Hersheypark has a good collection of 11 coasters, including one classic woodie, one of the most talked-about new coasters, and several other genres well-represented.
SkyRush – We are so glad we rode SkyRush. There has been a lot of controversy about this coaster since it opened in 2012. Most people think it’s a great coaster (and it’s currently ranked among the top 50 steel coasters in the world), but when it originally opened, the leg restraints were so tight that it was bruising people’s quadriceps and thighs, earning the coaster the nickname “Thigh Crush”. The manufacturers added more padding to the restraints, but people still complained. Joel and I took a chance and rode it. It’s a thrilling winged coaster with impressive dives and fun inversions. Most importantly, by following the following five tips, we had a pain-free ride:
- Sit in the middle two seats. The outer “wing seats” are supposedly more intense.

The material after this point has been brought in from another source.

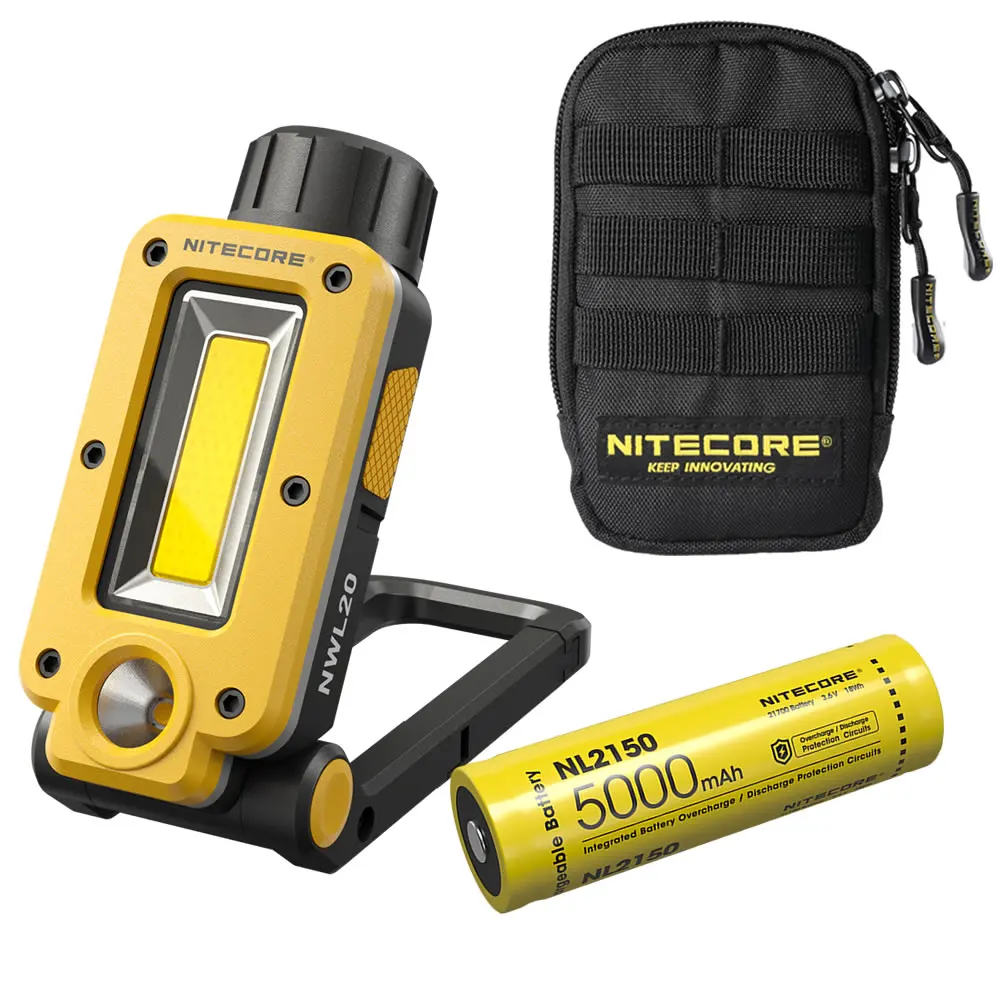 NITECORE NWL20 USB-C Rechargeable Work Light 180° Adjustable Multifunctional Triple Output Floodlight Spotlight + 21700 Battery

- Don’t pull the lap bar down too tightly when you first get on.
- Pull up on the side metal bars throughout the ride, pushing your butt down into the seat, preventing the lap bar from digging into your thighs.
- Keep your head back, since there are no shoulder restraints.

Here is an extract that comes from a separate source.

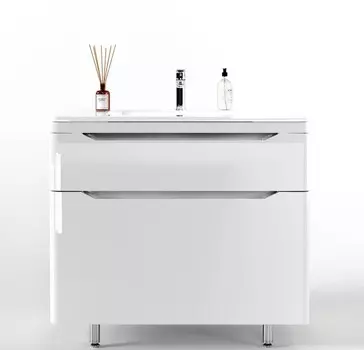 Тумба под раковину Style Line Марелла 90 Люкс Plus СС-00002417, напольная, антискрейтч белый глянец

- Take everything out of your pockets, so the lap bar won’t press anything into your legs.
We experienced more vibration than we expected (Joel said it should be called “Massage Rush”), but overall, we loved it.

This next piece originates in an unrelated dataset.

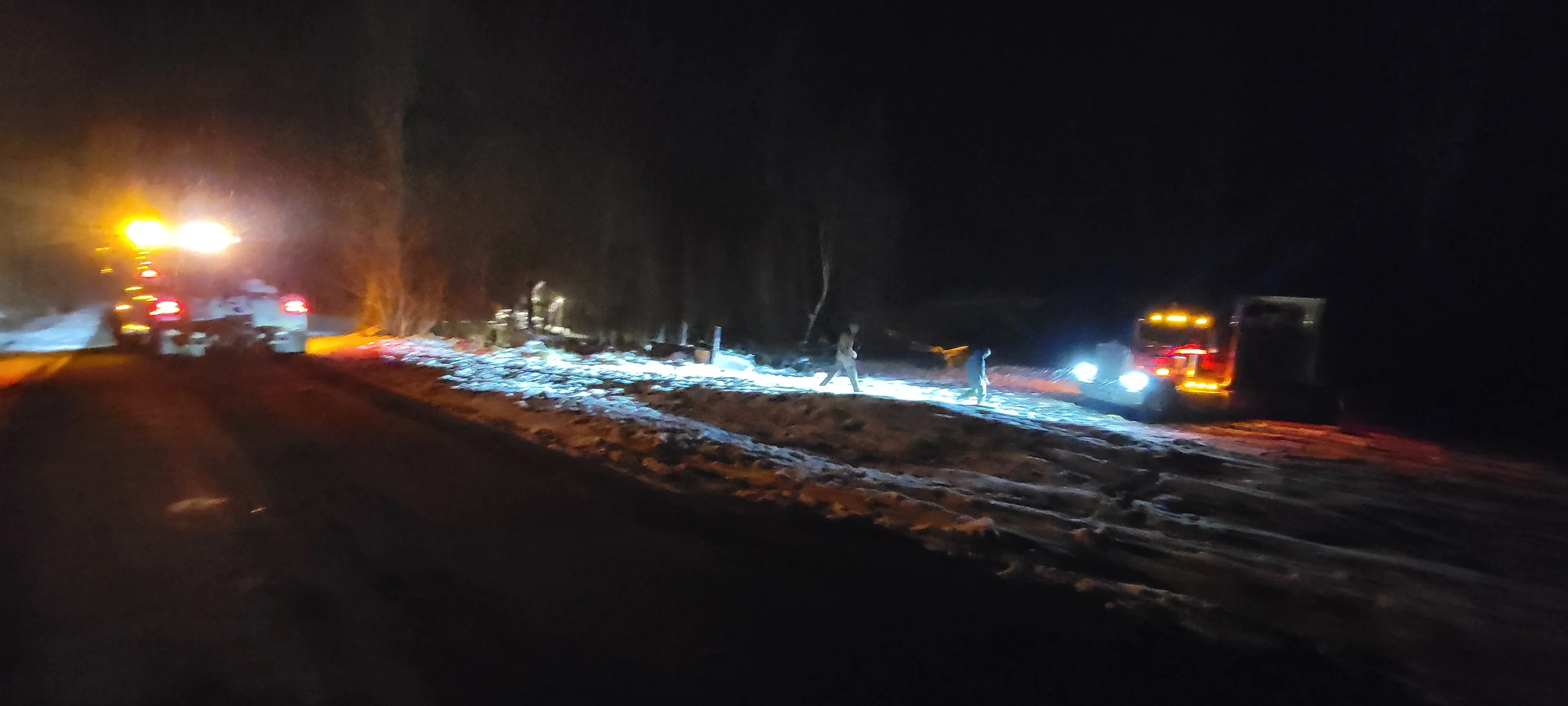 Nighttime Snow Tow Recovery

Fahrenheit – A blood-pumping coaster with a huge vertical climb, followed by a 97 degree drop. The rest of the ride was gravy. A highlight of the day.
Comet – A classic wooden coaster, built in 1946. Not very rough, and loads of fun. This was the only coaster on our entire trip that we rode three times.
Great Bear – An inverted roller coaster with multiple loops and corkscrews. I found it to be a similar experience to Dragon Challenge at Islands of Adventure in Florida. It started raining fairly hard right as we got on the ride, so it was not the ideal experience, but some say it their favorite coaster in the park.
Storm Runner – A medium-sized launch coaster, we liked both the launch and the inversions. Reminded me a little of the new Sky Coaster at Kennywood, although Sky Coaster is more exciting and smoother. We generally try to sit in the front row for launch coasters, finding that it adds significantly to the thrill.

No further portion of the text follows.